What you have to do:
The lines in the listing below are to be given again exactly, starting at the line holding "Picture 07 - Genesis" and ending at the line holding "Figure 1. Western". Do not include pictures.

Records to use:
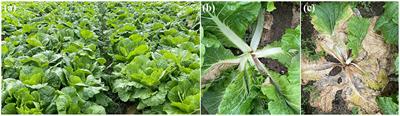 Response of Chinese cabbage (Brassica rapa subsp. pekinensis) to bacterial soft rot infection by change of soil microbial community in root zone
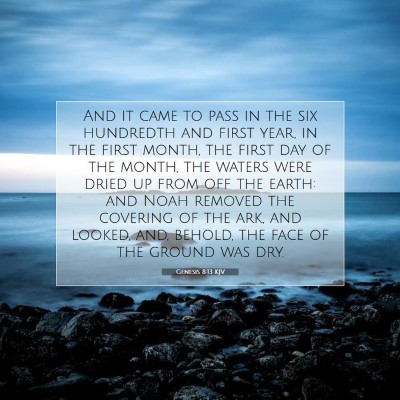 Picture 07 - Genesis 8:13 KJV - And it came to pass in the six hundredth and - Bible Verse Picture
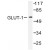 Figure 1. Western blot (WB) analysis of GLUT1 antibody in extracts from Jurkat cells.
* * *
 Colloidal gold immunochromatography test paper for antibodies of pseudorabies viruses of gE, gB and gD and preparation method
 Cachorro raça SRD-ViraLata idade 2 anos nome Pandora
---
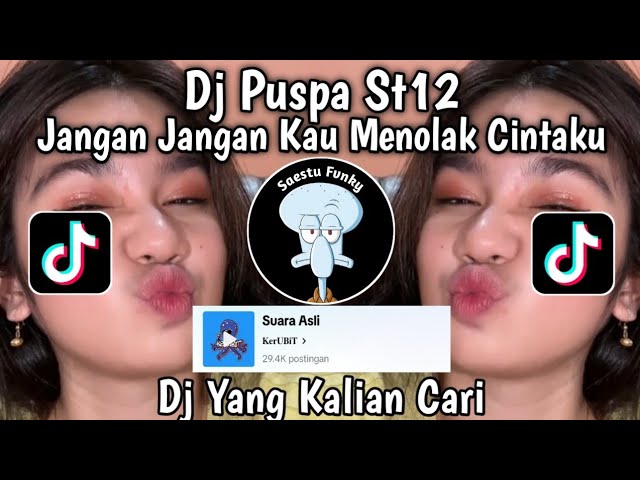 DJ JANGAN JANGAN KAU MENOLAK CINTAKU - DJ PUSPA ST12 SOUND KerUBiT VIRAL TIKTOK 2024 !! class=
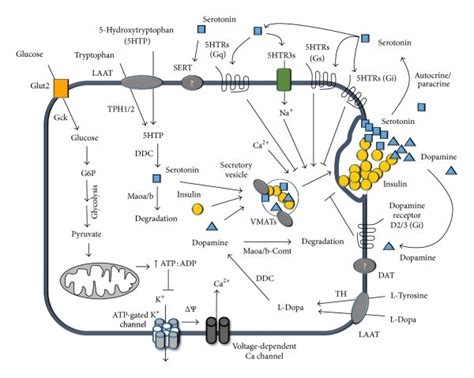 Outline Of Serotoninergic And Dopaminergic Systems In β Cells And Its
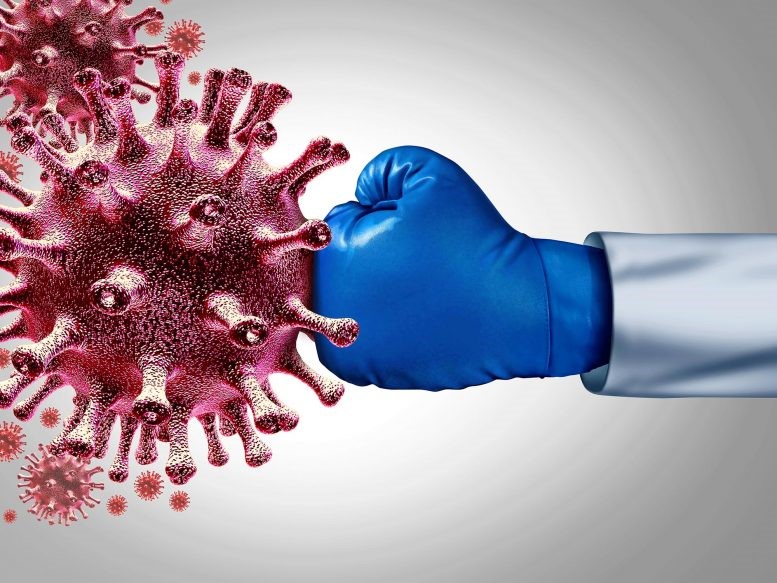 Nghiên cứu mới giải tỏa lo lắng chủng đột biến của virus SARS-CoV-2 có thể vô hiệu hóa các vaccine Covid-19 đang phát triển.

Solution for this problem:
 Picture 07 - Genesis 8:13 KJV - And it came to pass in the six hundredth and - Bible Verse Picture
 Figure 1. Western blot (WB) analysis of GLUT1 antibody in extracts from Jurkat cells.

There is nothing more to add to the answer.